In terms of bus phase angle, the response of the system has been observed and the coherency has been identified. Two groups of oscillating generators were coherently formed against each other.Group I: G2, G3, G4, G5, G6, G7, G8, and G9Group II: G1 and G10

It has been found in time domain simulation that the tie lines 2-3 and 8-9 are connecting these coherent groups which tend to go OOS as the voltage angle difference of these tie lines is exponentially increasing and crossing beyond 180° at 2.27 sec and 2.24 sec, respectively as shown in Figures 22(a) and 22(b).

However, using the proposed approach, OOS condition can be predicted earlier than the occurrence of OOS at tie lines 2-3 and 8-9 between group I and group II. At the time of the right crossing of the slip-acceleration locus curve on the horizontal axis as shown in Figure 23(a) and 23(b), OOS has been predicted at 1.23 sec and 1.189 sec, respectively. This can be verified in the time domain from Figure 24. The prediction speed of the proposed technique is 9.5% for lines 2-3 and 6.2% for lines 8–9.
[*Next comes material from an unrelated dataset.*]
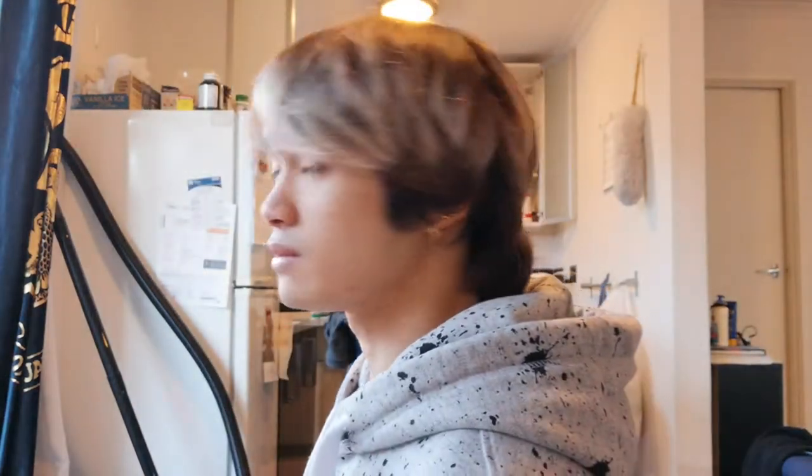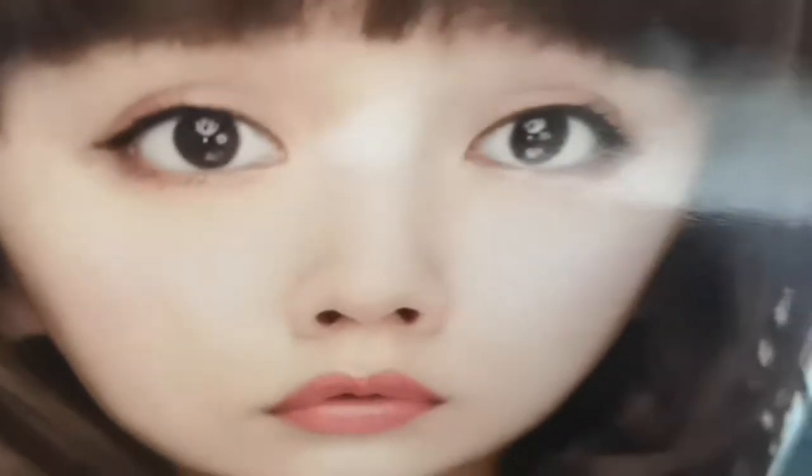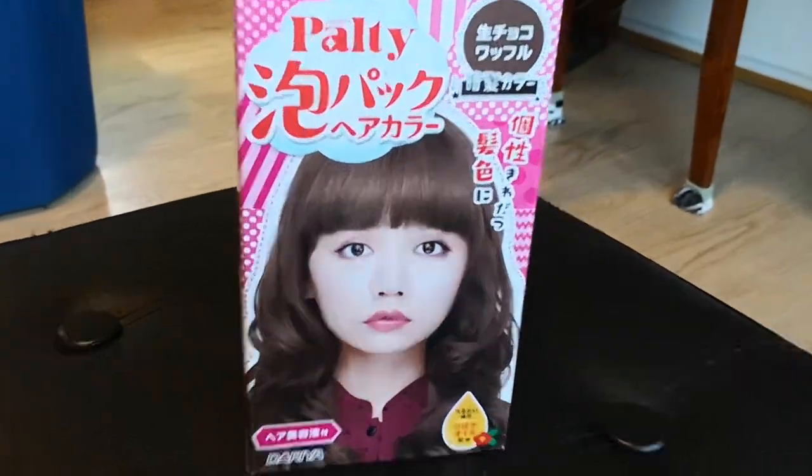That's front, that's a side, the back, and the other side. First thing I do is I change into a shirt that I don't care about accidentally getting hair dye on. If you guys have dyed your hair before, you're probably familiar with what's usually in the contents, but if you're not, I'll show you guys.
Furthermore, as an unavoidable action, by tripping the tie lines (2-3) and (8-9) at the time of out of step, the system is islanded into two controlled islands as shown in Figure 25. The generator frequency in both areas after islanding is stabilized at 60 Hz, as observed in Figure 26.

4. Conclusions

The proposed approach in this paper is a synchrophasor-based prediction method for OOS condition in power systems. This work’s findings can assist the operators in taking corrective measures to prevent OOS and enhance the system stability. Having advanced warning of potential OOS events can also improve grid management by minimizing equipment damage, preventing outage, and increasing the system reliability. The method is based on the trajectory of first and second derivatives of bus voltage angle difference which has been validated for both generator and interarea oscillation. The concept which has been used for this purpose is the polarities checking at each phasor time step for slip and acceleration of the tie line bus voltage angle difference. This method successfully discriminates between stable and unstable oscillations and no power swing blocking is required as in the case of conventional impedance-based OOS detection schemes, and based on the proposed prediction technique, a controlled islanding has been implemented whereby island stability has been achieved after separation.

The key achievements of this research wok can be summarized as follows:(i)Early detection of OOS in the system postdisturbance and before the loss of synchronization(ii)The proposed method is able to predict OOS after any type of disturbance as it is a disturbance-independent method(iii)The prediction speed is 5%–70% of time to OOS, after disturbance/fault clearance

The limitation of this method is that it can fail to predict OOS when voltage angle difference increases exponentially without oscillations, which are extremely rare in the power system, and in case of the prediction failure, the proposed technique can be used as a relay to trip the tie line and separate the system into islands. The proposed method has been successfully validated in three benchmark systems considering several scenarios. The results show the successful performance of the proposed approach for early prediction of OOS.

Data Availability

The data used to support the findings of the study are included in the paper.

Conflicts of Interest

The authors declare that they have no conflicts of interest.

Acknowledgments

This research work is entirely the product of the authors’ initiatives.